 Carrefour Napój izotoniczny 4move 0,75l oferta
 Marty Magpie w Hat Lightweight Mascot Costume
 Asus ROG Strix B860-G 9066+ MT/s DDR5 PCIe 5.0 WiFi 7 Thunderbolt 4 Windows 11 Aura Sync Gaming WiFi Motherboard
+---+
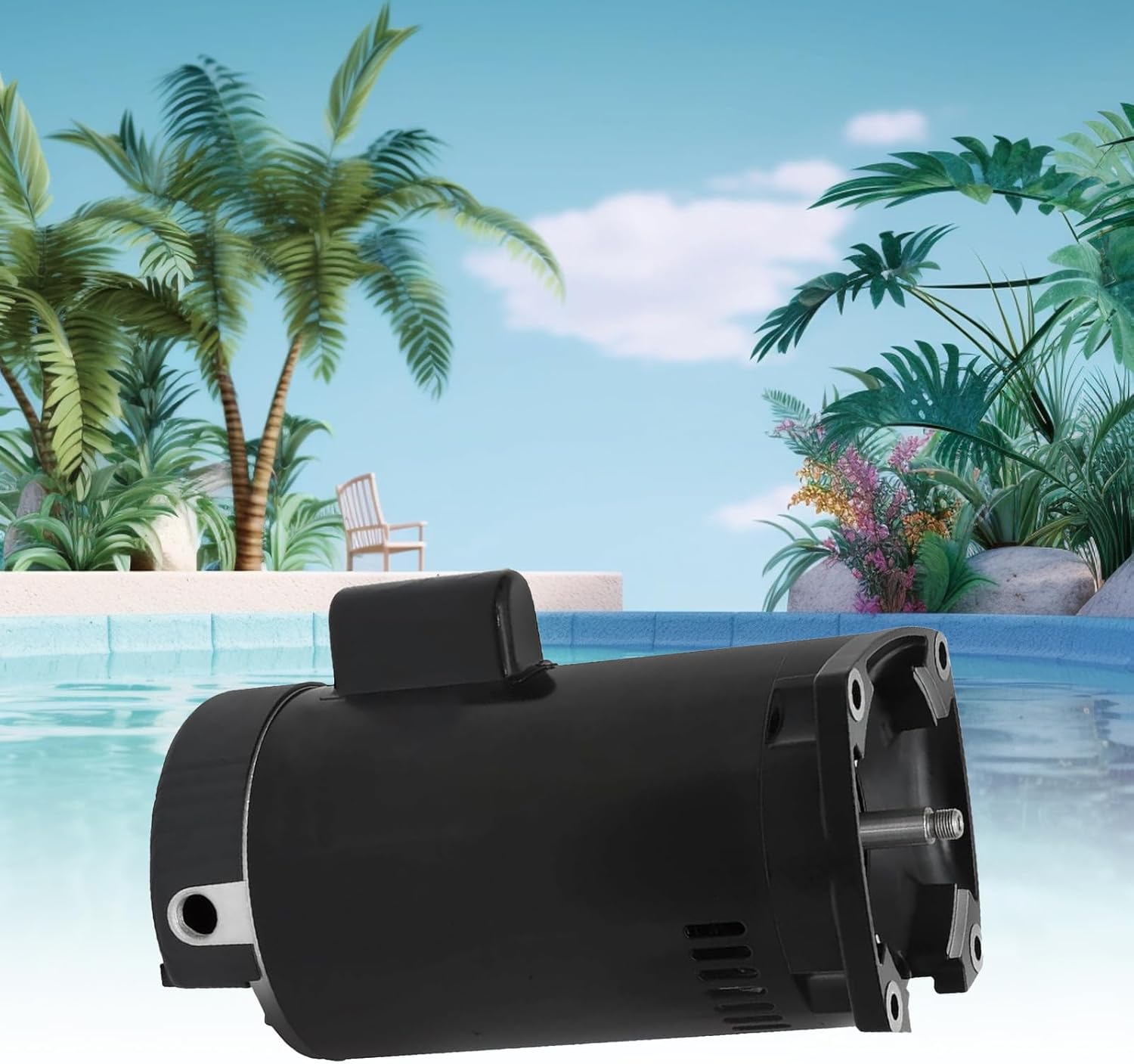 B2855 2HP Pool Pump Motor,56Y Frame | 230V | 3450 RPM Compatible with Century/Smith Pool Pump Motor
+---+
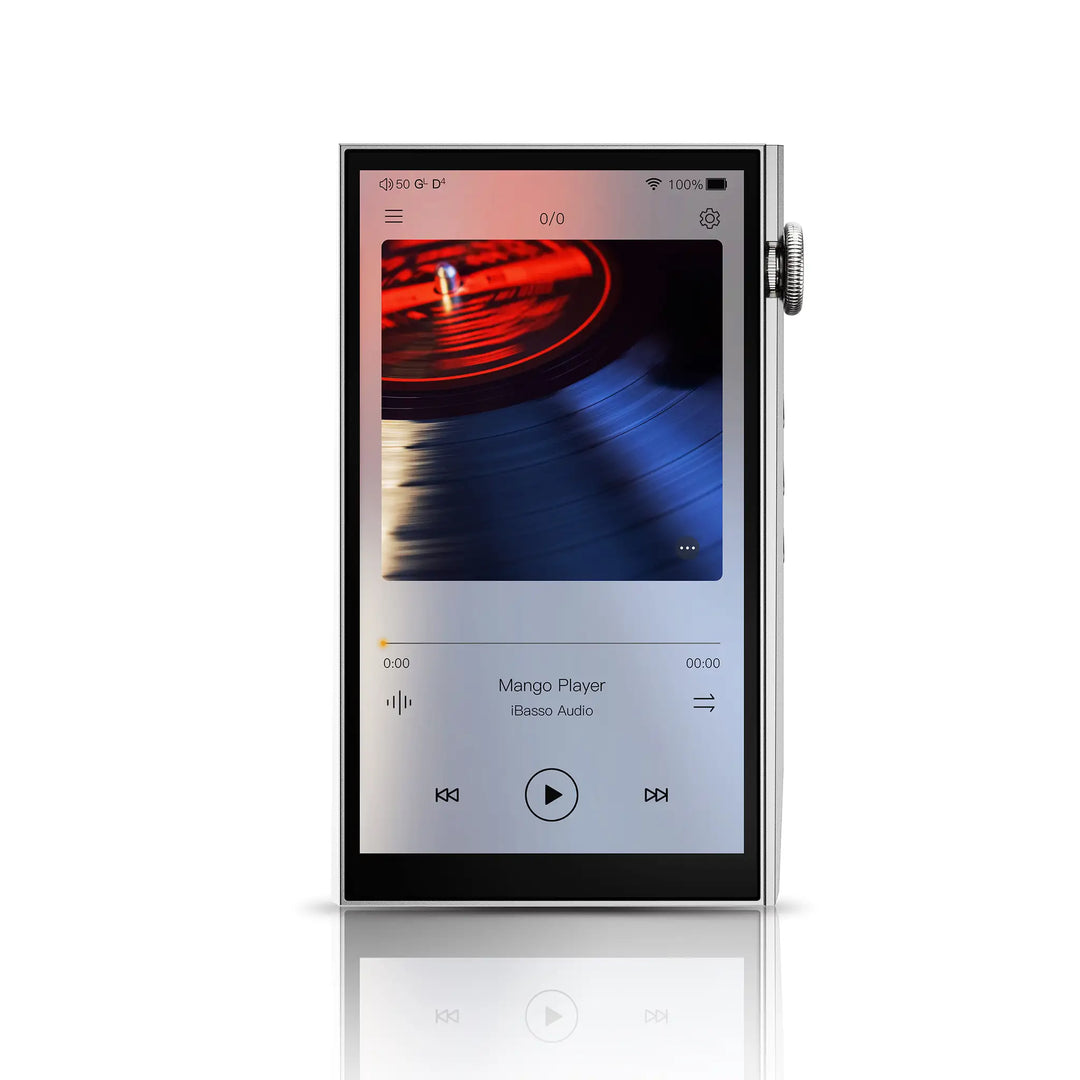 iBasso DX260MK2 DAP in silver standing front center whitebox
+---+
* **ABOUT THIS EXERCISE**:
Return only the part of the records above that opens with the line containing "Carrefour Napój izotoniczny" and closes with the line containing "Asus ROG Strix", ends included.

* **COMPLETED TASK**:
 Carrefour Napój izotoniczny 4move 0,75l oferta
 Marty Magpie w Hat Lightweight Mascot Costume
 Asus ROG Strix B860-G 9066+ MT/s DDR5 PCIe 5.0 WiFi 7 Thunderbolt 4 Windows 11 Aura Sync Gaming WiFi Motherboard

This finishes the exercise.